Think wind energy is not political? How about two US Senators holding up White House Defense Department nominees because a wind farm developer is pouting?

Amazing stuff when you think about.  A useless form of energy which markets itself as a force for national security whines to two United States Senators that testing for a conflict between wind towers and military radar systems will cause them to miss their groundbreaking ceremony.

Here’s the full article from Oregonlive:

Pentagon calls for more study of radar conflicts from Shepherds Flat wind farm

By Scott Learn, The Oregonian

April 16, 2010, 5:24PM

The Department of Defense said today it has asked radar experts at the Massachusetts Institute of Technology’s Lincoln Laboratory to evaluate whether the huge  Shepherds Flat wind farm in north-central Oregon would interfere with signals from a radar station in Fossil if built.

The study will take up to 60 days and extend past the long-planned May 1 groundbreaking date for the Shepherds Flat project, which at 338 turbines and 845 megawatts of capacity would be the largest wind farm in the nation and perhaps the world.

Delays would likely increase if the laboratory, a specialist in national security research, confirms significant conflicts with military radar.

“It is a delay that we and the project cannot tolerate,” said Les Gelber, a partner with Caithness Energy, the wind farm’s developer.
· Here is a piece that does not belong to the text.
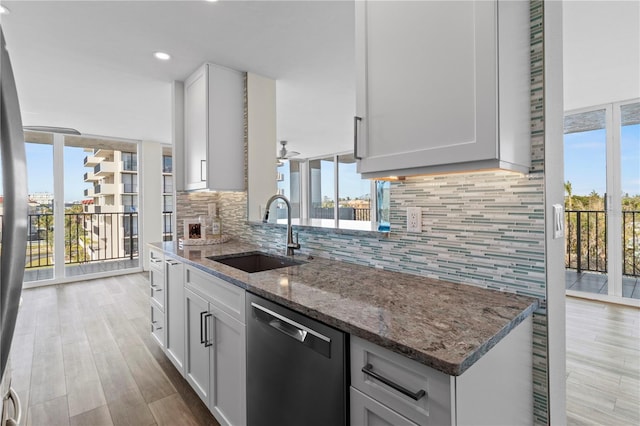 kitchen with backsplash, stone counters, a sink, and dishwasher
Dorothy Robyn, deputy undersecretary of defense for installations and environment, said this afternoon that the laboratory will analyze whether the towers pose a security threat and, if so, what can be done to mitigate that threat.

Potential options including upgrading or replacing the Fossil station, adding radar that is less sensitive to the turbines and adding “gap-filler” radar to offset problems caused by the turbines.

The laboratory’s experts will work “as fast as they can,” Robyn said. “It will provide an independent assessment of how much of a risk this poses to radar operations and an important look at mitigation options.”

Robyn agreed that  Federal Aviation Administration and military review of wind projects is flawed, coming well after wind farms have already received other regulatory approvals. “It is by definition an 11th-hour process,” she said, “and that is not satisfactory.”

The FAA, with Air Force backing, issued a “notice of presumed hazard” to the project in March, effectively barring wind turbine construction after the company had already signed a deal with General Electric for the new turbines and lined up investors.

The Shepherds Flat turbines — combined with about 1,800 other turbines built or proposed within the Fossil station’s range — would “seriously impair the ability of the (Department of Defense) to detect, monitor and safely conduct air operations in this region,” the notice said.

There is no overlapping radar coverage in the area, the notice said, and the station “already experiences significant clutter and target tracking issues in this general area.”

Gelber said the Lincoln Laboratory study should have started three years ago, when the company first talked with the Air Force about the project.

The company also tried to get the military to pursue solutions after the FAA issued its notice in March, with no success and no elaboration of the conflicts between the farm and the radar system, he said.

Caithness is working with Oregon Sens.  Ron Wyden and Jeff Merkley as well as White House officials to try to push for a quicker solution. On Friday, Wyden and Merkley placed holds on three Obama Administration defense nominees to protest the military’s position and try to speed resolution of the dispute.

Shepherds Flat will provide 706 construction jobs, Caithness says, and millions in royalty payments for farmers and ranchers in Gilliam and Morrow counties.